5  Plotting

5.1 Histograms

Common functions for graphing are hist() for plotting one variable and plot() for plotting two variables.

# Count
hist(penguins$body_mass_lb)

You can add additional commands for better plots. Use ?hist to see the list of options.

5.1.0.1 Exercise

  1. Type ?hist into the console and find the following options:
  • Find the option that will give you probabilities (instead of counts)
  • the bar color
  • the x-axis label
  • the main title

Change these to make a more professional histogram:

## Modify this
hist(penguins$body_mass_lb)

  1. Compare this distributions of bill_length_mm for Adelie and Chinstrap penguins.

5.2 Scatter Plots

While we haven’t talked about this yet, it is typically of interest to compare multiple variables together. To plot two variables, we will use the plot() function to make scatter plots.

plot(penguins$flipper_length_mm, penguins$body_mass_lb, main = "Scatter plot of flipper length and body mass")

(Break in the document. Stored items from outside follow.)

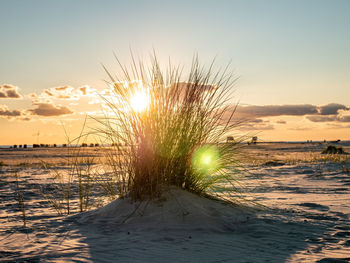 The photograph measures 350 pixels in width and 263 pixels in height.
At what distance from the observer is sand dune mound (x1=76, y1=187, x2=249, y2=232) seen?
3.10 meters

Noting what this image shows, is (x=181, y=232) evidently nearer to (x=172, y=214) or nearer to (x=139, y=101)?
(x=172, y=214)

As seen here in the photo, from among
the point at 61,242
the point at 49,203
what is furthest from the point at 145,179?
the point at 49,203

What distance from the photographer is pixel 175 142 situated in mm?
3459

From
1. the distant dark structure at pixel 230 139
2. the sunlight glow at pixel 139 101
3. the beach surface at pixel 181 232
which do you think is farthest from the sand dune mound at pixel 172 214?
the sunlight glow at pixel 139 101

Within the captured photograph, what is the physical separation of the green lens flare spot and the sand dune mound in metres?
0.33

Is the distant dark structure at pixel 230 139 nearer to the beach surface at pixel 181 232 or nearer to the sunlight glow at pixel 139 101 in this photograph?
the beach surface at pixel 181 232

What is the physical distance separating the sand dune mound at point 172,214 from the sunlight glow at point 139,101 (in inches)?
35.1

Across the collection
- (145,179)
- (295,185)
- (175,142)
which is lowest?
(295,185)

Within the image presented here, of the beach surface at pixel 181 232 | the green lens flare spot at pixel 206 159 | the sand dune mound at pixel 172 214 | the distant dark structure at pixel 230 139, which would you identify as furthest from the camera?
the distant dark structure at pixel 230 139

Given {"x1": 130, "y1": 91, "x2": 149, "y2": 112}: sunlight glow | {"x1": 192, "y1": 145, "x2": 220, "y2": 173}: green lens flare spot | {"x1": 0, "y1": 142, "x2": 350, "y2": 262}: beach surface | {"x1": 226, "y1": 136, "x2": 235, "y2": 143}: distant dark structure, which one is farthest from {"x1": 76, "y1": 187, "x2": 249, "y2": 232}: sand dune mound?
{"x1": 130, "y1": 91, "x2": 149, "y2": 112}: sunlight glow

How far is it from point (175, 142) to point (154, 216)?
765 mm

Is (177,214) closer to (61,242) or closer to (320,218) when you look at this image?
(61,242)

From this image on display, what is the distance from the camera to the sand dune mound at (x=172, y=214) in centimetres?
310

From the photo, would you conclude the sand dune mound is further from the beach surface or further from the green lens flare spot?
the green lens flare spot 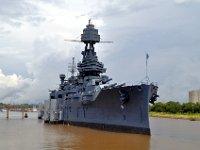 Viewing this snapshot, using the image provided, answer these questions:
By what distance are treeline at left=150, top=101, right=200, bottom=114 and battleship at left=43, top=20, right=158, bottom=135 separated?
154ft

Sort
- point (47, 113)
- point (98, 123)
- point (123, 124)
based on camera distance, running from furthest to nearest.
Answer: point (47, 113) → point (98, 123) → point (123, 124)

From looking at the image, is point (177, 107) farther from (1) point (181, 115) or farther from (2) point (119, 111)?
(2) point (119, 111)

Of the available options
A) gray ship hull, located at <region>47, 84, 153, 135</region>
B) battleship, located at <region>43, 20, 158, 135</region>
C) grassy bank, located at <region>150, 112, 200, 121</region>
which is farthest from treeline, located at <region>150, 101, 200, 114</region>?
gray ship hull, located at <region>47, 84, 153, 135</region>

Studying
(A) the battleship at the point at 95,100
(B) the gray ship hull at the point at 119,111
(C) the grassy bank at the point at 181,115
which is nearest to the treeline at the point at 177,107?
(C) the grassy bank at the point at 181,115

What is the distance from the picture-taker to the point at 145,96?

It can be kind of annoying to type penguins$ twice in plot. There is a second way to call plot which uses formula syntax. A formula has the following syntax yvar ~ xvar where yvar and xvar are variable names. So we can use body_mass_lb ~ flipper_length_mm to specify variables and then tell plot to use the penguins data.frame using the data argument.

plot(
  body_mass_lb ~ flipper_length_mm, 
  data = penguins, 
  main = "Scatter plot of flipper length and body mass"
)

If the data argument is not provided, it will look for body_mass_lb and flipper_length_mm as variables defined in the global environment. If these variables are within a data.frame and not as their own variables, then you will get the “object not found” error again.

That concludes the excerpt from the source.